Bloch’s first stop in India was the French colony of Pondicherry, where he put his knowledge of Tamil to good use. “His first port of call in India was Tamil Nadu but eventually he settled in Maratha country at Poona with R.G. [Ramakrishna Gopal] Bhandarkar, and a group of philologists gathered around him,” Clémentin-Ojha and Manguin write.
His book titled Caste et dialectes en tamoul (Caste and Tamil Dialects) was published after he returned to Paris. The book illustrates “how sociological and linguistic research could happily go hand in hand,” says the EFEO on its website. In 1914, he published his thesis titled La formation de la langue marathe (The Formation of the Marathi Language), which the EFEO calls “the greatest fruit of his stay in India”. This was turned into a book in 1919 and translated into Marathi in 1941 and English in 1970.
“In his second major work published in 1934, L’indo-aryen, du Veda aux temps modernes (The Indo-Aryan, from the Vedas to Modern Times), he describes the languages of India in direct relation to Sanskrit, and Sanskrit itself, in all its forms and with its Iranian connections,” the EFEO says.
Bloch moved back to Paris in 1937, where he was appointed professor of Sanskrit language and literature at the Collège de France. This was the same position Bloch’s mentor Lévi had held until his death two years earlier.
The outbreak of the Second World War and the subsequent German occupation of Paris forced Bloch out of the institution. He returned to the Collège de France and his professorship once the city was liberated in 1944 and stayed on for the next seven years. His most notable work in the post-war years was Structure grammaticale des langues dravidiennes (Grammatical Structure of Dravidian Languages). Published in 1946, the book was translated into English by Ramakrishna Harshe in 1954.

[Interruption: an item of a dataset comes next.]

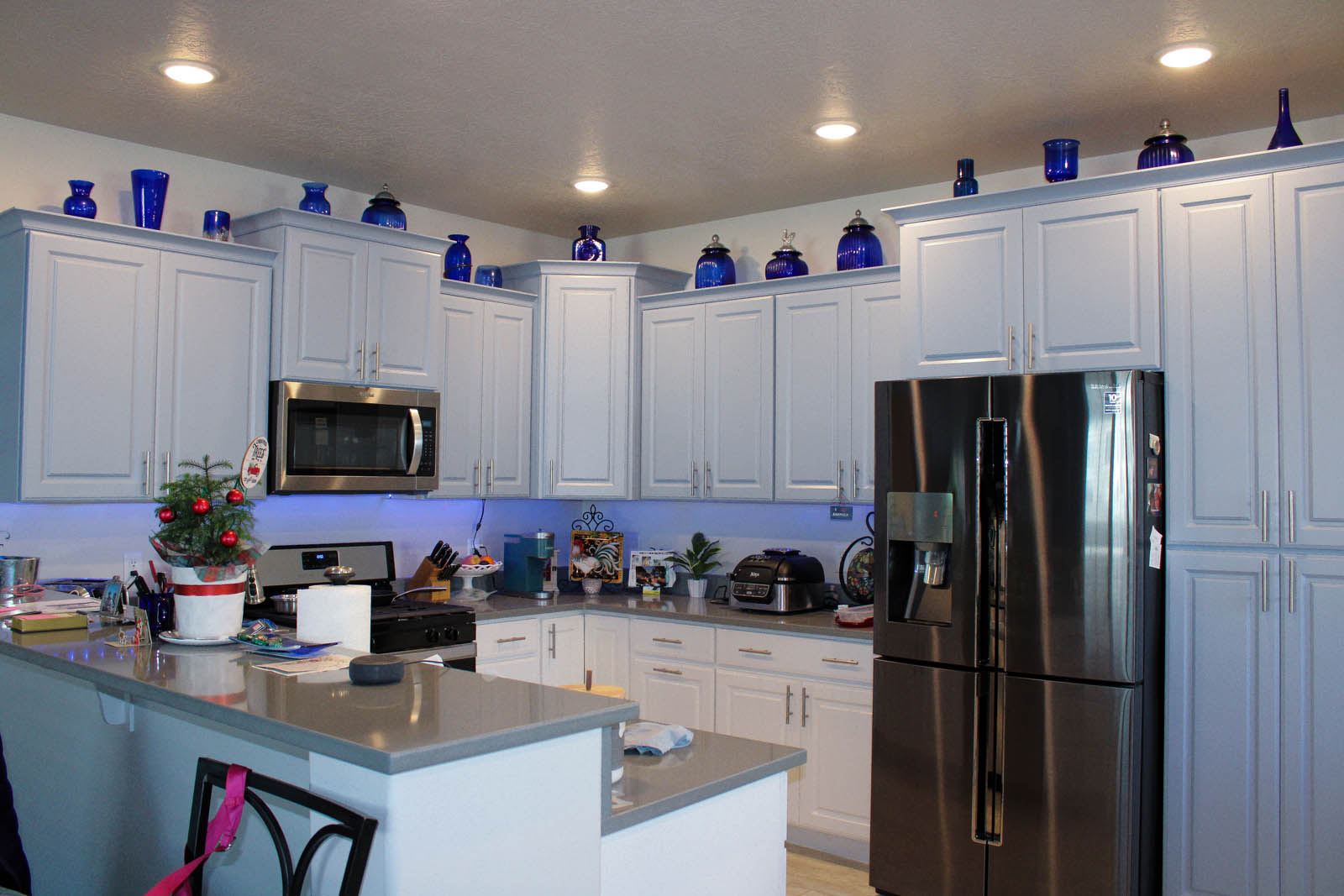 Kitchen with white cabinets and dark counters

The EFEO, encouraged by Jawaharlal Nehru, finally set up its first centre in India in Pondicherry in 1955. By this time, thanks to the efforts of Indologists like Lévi, Coedès and Bloch, India studies had become well established in France.
“The aspiration was simply to set up a great French research centre in India that would be comparable to that of the Mecca of Orientalism, the Asiatic Society of Calcutta,” Clémentin-Ojha and Manguin write. “Unlike the British, for lack of any dedicated base in India, French Indologists had great difficulty carrying out long-term studies in their chosen country. They had to work principally outside the frontier of the subcontinent. Some studied the effects of the expansion of Buddhism or Brahminisim in Southeast Asia or ‘Further India’ as the regions which had undergone Indian influence were then known.”
Although India, after attaining independence in 1947 from Britain, pushed France to leave its colonies in the country, the French scholarship in further establishing the ancient links between India and South East Asia was appreciated. Indian diplomat and historian KM Panikkar, for instance, praised the work of the EFEO while serving as India’s first ambassador to China: “Whatever its lack of success in other domains, France in the Orient stands out for its sympathetic understanding in the cultural domain.” Panikkar added that the EFEO had earned the “gratitude of the peoples of Asia for the magnificent work of its scholars in the restoration and conservation of monuments, the collection, publication and interpretation of inscriptions and other related activities”.
The opening of the centre in Pondicherry led to an increase in French scholarship of India, cementing France’s place as one of the leaders in Indology.